The rookie year was very interesting. It was the best season I could have expected. I was testing the limits and hitting a lot of pylons last year to see how far I could go, testing the judging panel. I saw some interesting videos about Moto GP riders and how, basically, the first year they make all the mistakes, the champions make all the mistakes, so then they understand how to get better. Hopefully I will be better this year. Last year I was learning so much and being looked after and now I have the experience to attack a bit more. I was hitting pylons last year and getting penalties so this year I want to fly clean, be consistent. I didn’t hit one pylon during any of the flights in Abu Dhabi so I’m happy.
How much does it help that you’ve managed to secure your own plane for this year?
I didn’t fly in-between races last year because of that issue, but I’ve financed a plane now. I’ve been fighting to get a plane to be able to train to get to the same level as the guys and finally it’s worked out. I would have liked to have raced in Vegas but I knew something was going on because in the practices I was a bit better.
What’s special about Abu Dhabi? Do the pilots like coming here?
I think so because we are in February, it’s 30 degrees. Everybody’s been talking about the landscape and how beautiful it is. You take off and you’re so relaxed looking at the landscape and thinking what a great chance it is to be here. I wouldn’t say it wasn’t a stressful race but I was so happy to be here and just enjoyed the flight.
What race are you most looking forward to this season?
Indianapolis. Because I was second place there last season, it was my best finish. I know what to do there, I understand the track. I like the static take-off procedure and it’s also the final for this season. It’s the six best pilots who get there so if I get there I’ll know I’m one of the best pilots this season.
In such a male-dominated sport, how have the male pilots adjusted to seeing a female not just entering the Red Bull Air Race Championship, but also competing and beating them?
It’s interesting because a man is obviously different to a girl, but in racing we’re all equal. I’ve been really welcomed and my team has been great with me. Even if there are difficult moments I’m always well supported. There’s advantages and disadvantages but we’re all equal.
The media attention must be great but is it harder because there will be some people saying you don’t belong or waiting for you to fail?

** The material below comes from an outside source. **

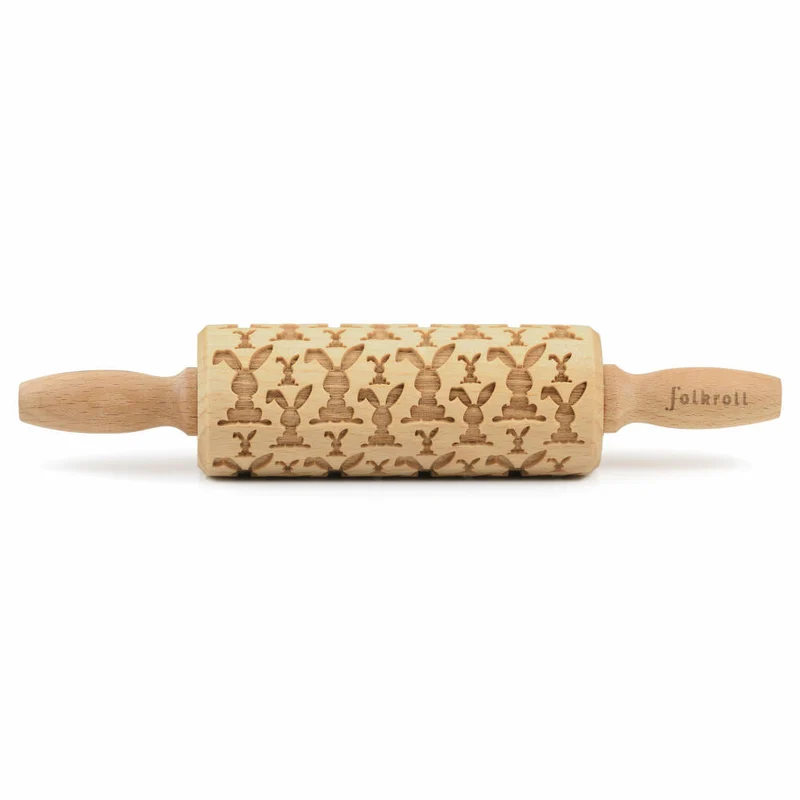 Folkroll Teigrolle Osterhasen, junior, 23 cm, Nudelholz, Prägerolle, Muster, Motiv, Rolle, Buchenholz, 331637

It is a bit like that. I had a lot of media attention last year which was great, but also I was able to focus less, because while all the guys were working I was talking to media. Now it’s a bit easier this season. When you’re exposed to the media you’re also exposed to making mistakes as well, or saying something you shouldn’t say, so it’s stressful. People, when they see you on TV, they can get jealous or whatever, but there are so many people supporting me, girls writing me messages that I’ve inspired them. All this positive energy is above all this nastiness and jealousy that can happen.
It’s such an elegant and captivating sport to watch, but comes with many risks too. How did you get involved in such a dangerous sport?
All motorsports are dangerous and this of course is a motorsport, so there is a risk. But after being involved in the Red Bull Air Race for a year now, the first concern is of organisers is always on the safety.
What sports did you watch as a kid?
Formula One. I was brought up close to Monaco and always went to the Grand Prix. I loved Ayrton Senna, of course. I was a huge fan of him and Michael Schumacher as well.
Outside the cockpit, are there any other sports you play, or hobbies you have?
I love racing of any kind. I’m sponsored by BMW so I get to race cars on track. I love that. Motorbikes also, but I slow down on those because I don’t want to hurt myself and end my season. I also love mountain biking. I live in a beautiful place in the south of France and I love mountain bikes. I also go running for 15km a day and I like being out in nature.